Let P be the parabola in the plane determined by the equation y=x^2. Suppose a circle C intersects P at four distinct points. If three of these points are (-28,784),(-2,4)&(13,169) find the sum of the distances from the focus of P to all four of the intersection points.
Very confused through the wording of the question.
We need to solve this system .....it's a little tedious, so I used WolframAlpha to solve it....however....I could go through it if you wanted.....
(-28- h)^2 + (784 - k)^2 = r^2
(-2 - h)^2 + ( 4 - k)^2 = r^2
(13 - h)^2 + (169 - k)^2 = r^2
The center of the circle is at (h, k) = (-2475, 312) and r^2 = 6210593
The equation of the circle is ( x+ 2475)^2 + (y - 312)^2 = 6210593
Here's a graph : https://www.desmos.com/calculator/7uay3uslee
We can find the other "x" intersection point thusly ...sub x^2 for y in the equation of the circle and we have that
(x^2 + 2475)^2 + (x^2 - 312)^2 = 6210593
I also used WolramAlpha to solve this....again....I can go through it if you want
The last intersection point x value = 17
So y = x^2 = 17^2 = 289
So the last intersection point is (17, 289)

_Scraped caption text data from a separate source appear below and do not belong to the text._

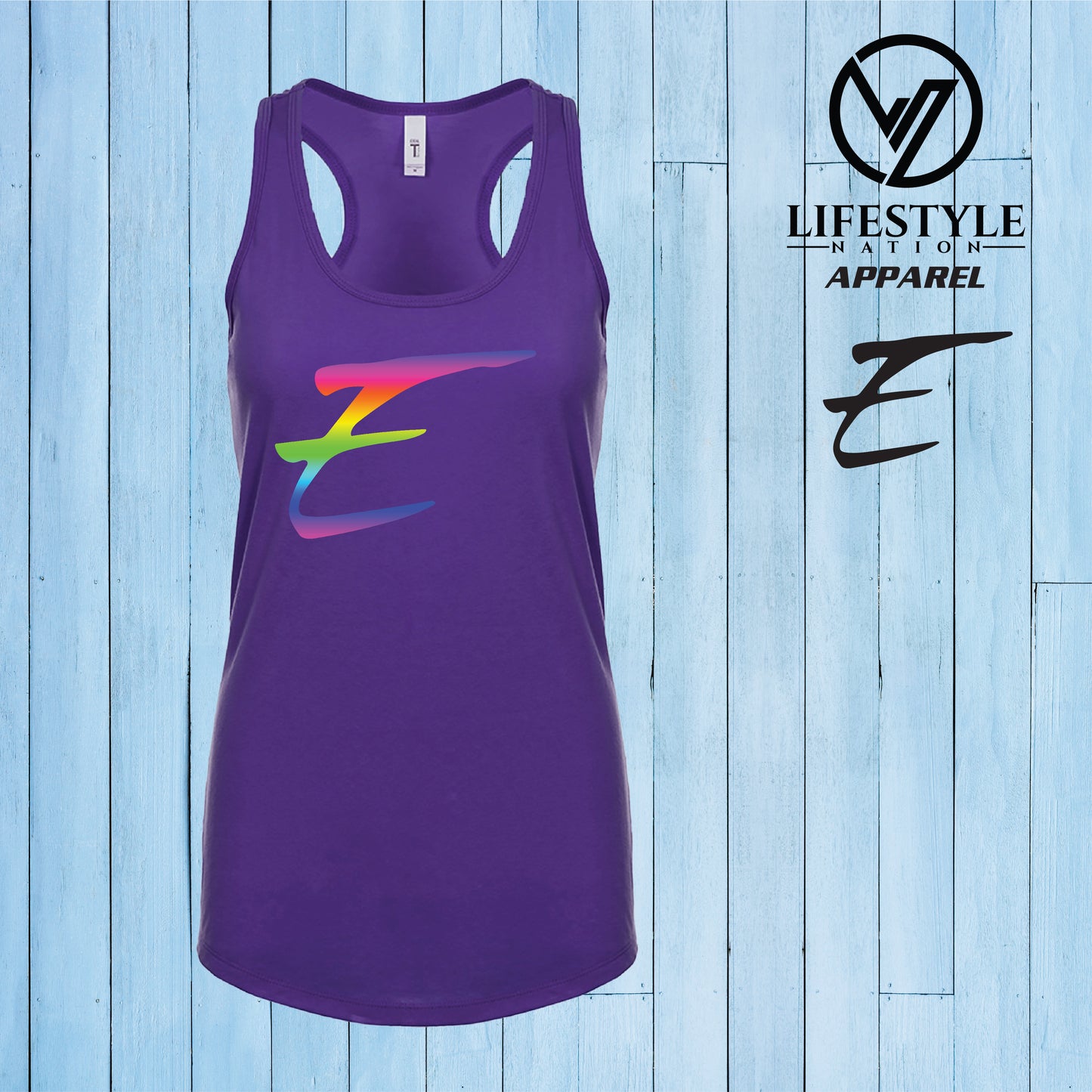 Female Racer Back Eden Tank Top with Rainbow E - Pick Color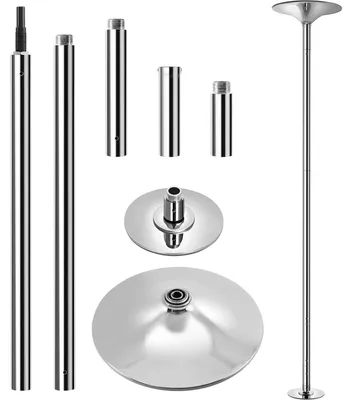 Produktbild von Pro Poledance Stange - & Static 45 mm Tanzstange - Tragbar abnehmbar Fitnessstange - Heim & Club Workout - Silber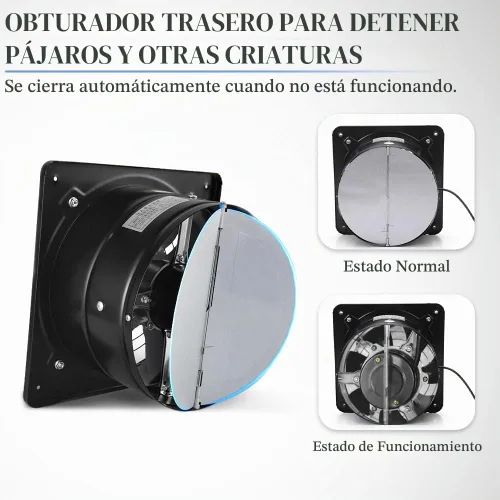 Vista 5 de WiseWater Ventilador de escape de 6 pulgadas negro con controlador de velocidad variable, 110V montado en la pared con reductor de contracorriente
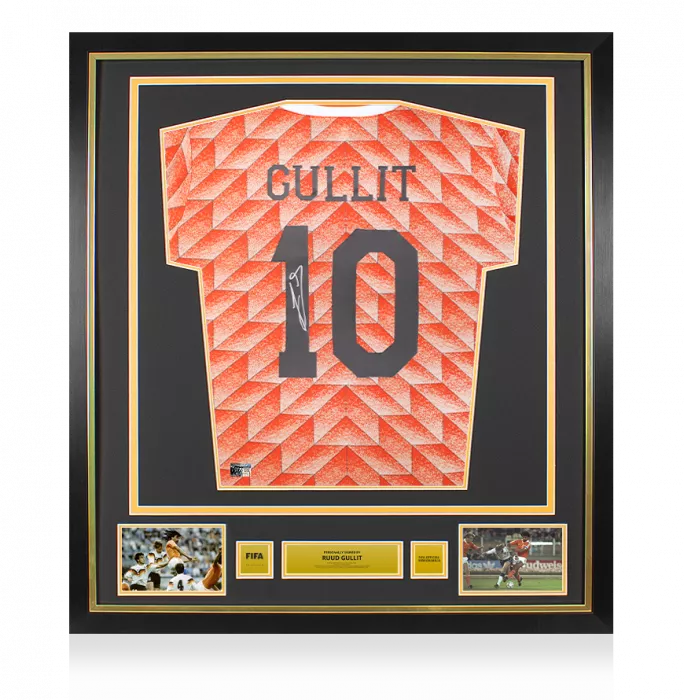 icons Ruud Gullit Official FIFA World Cup™ Back Signed and Framed Netherlands 1988 Home Shirt
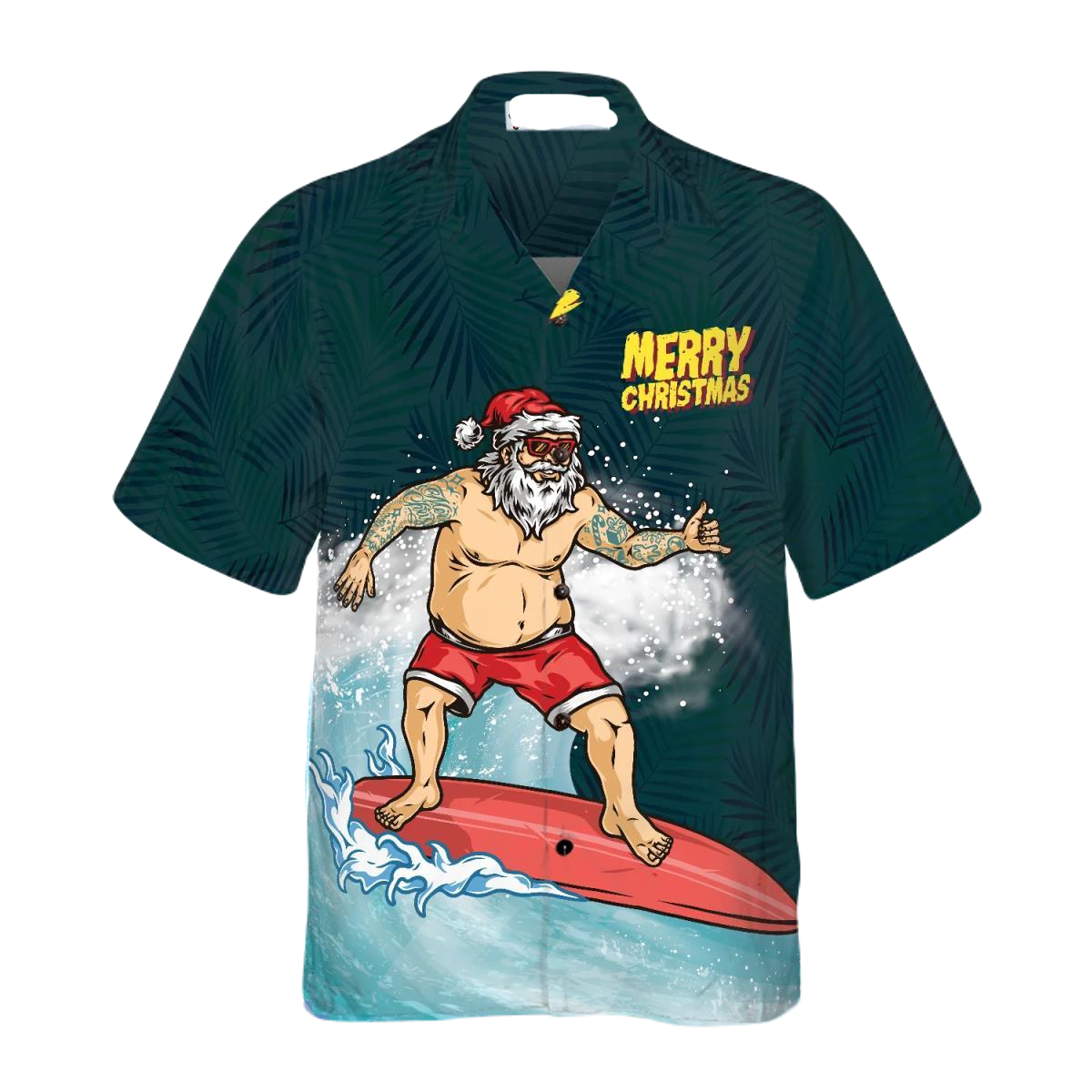 NoClaws Christmas Hawaii Shirt Surfing Santa Claus Merry Christmas Hawaiian Shirt Colorful Unisex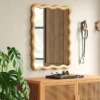 24"x 30" Scalloped Wall Mirror Natural Wood - Threshold™: Modern Style, Rectangle Shape, Wood Frame, Wall Mount -Decor House GUEST 65baffde 2ae7 4e5c 8b89 38514a51133a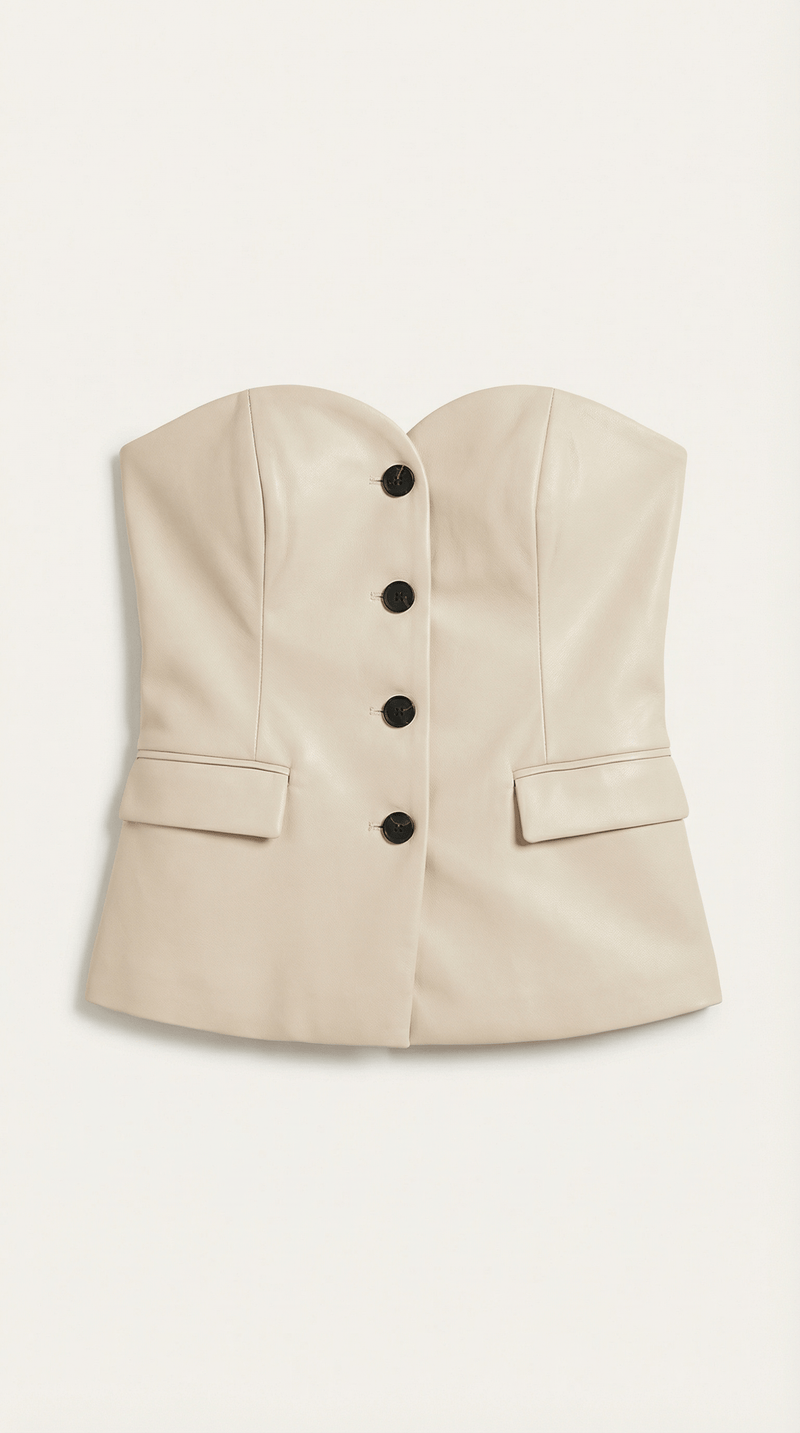 Strapless Tailored Blazer-blazers > tailored blazers-Laventaire-Laventaire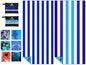 Yongoes 2 Pack Microfiber Lightweight Thin Beach Towel Sand Free Quick Dry Super Absorbent Large Towels for Swimming Pool Yoga Gym Travel Vacation Beach Accessories Essentials Stripes - color: 2 Pack Blue Navy Multi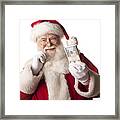 Pictures Of Real Santa Claus Holding Christmas Cash Bonus Framed Print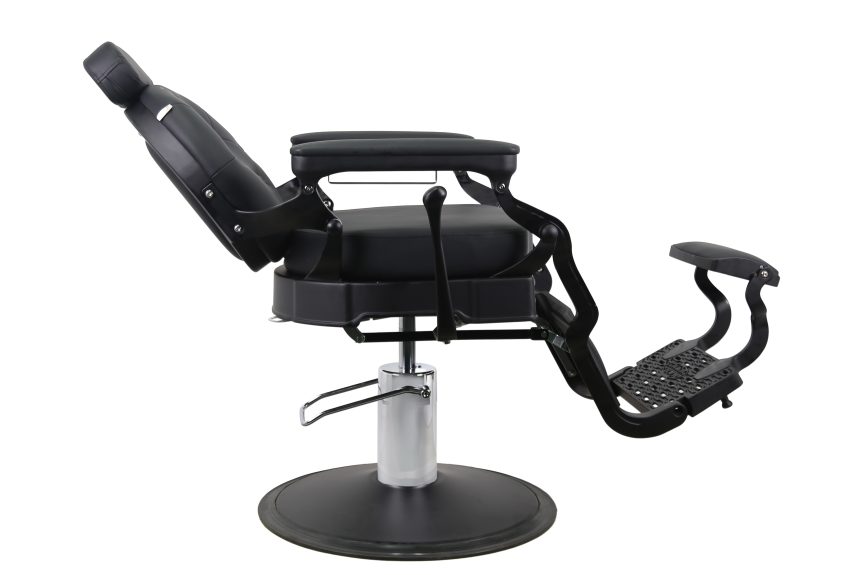 Vintage Hydraulic Barber Chair – All Black Leather with Adjustable Headrest - 图片 3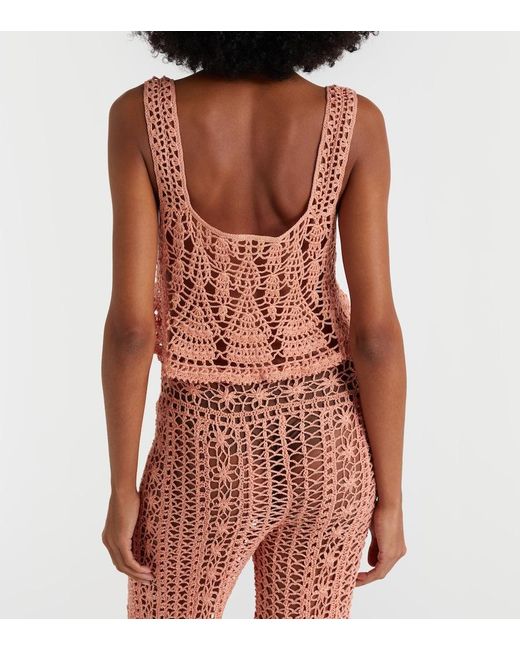 Anna Kosturova Pink Cotillion Crochet Cotton Crop Top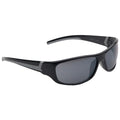 Sunglasses are positioned at an angle with dark lenses and a glossy black frame. The background is neutral, emphasizing the sleek design and sporty aesthetic of the sunglasses.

The focal distance, a, is given by
4ay = x^2
4(1/4)y = x^2
y = x^2
So a = 1/4
The vertex of the parabola = (0, 0)
And the focal point = (0, 0 + a) = ( 0 , 0 + 1/4) = (0, 1/4) = (0, .25)
So....now all youhave to do is to find each of the distances from the four intersection points to the poiint (0, .25)
Can you do this???? [ Note.....some technology (like WolframAlpha) might help with these calculations ]
Why hello there, Mathcounts Trainer Contest cheater, I hope you have a fine time cheating your way up the leaderboards. I wish you best luck!
Thanks! I checked it again through WolframAlpha. Its correct.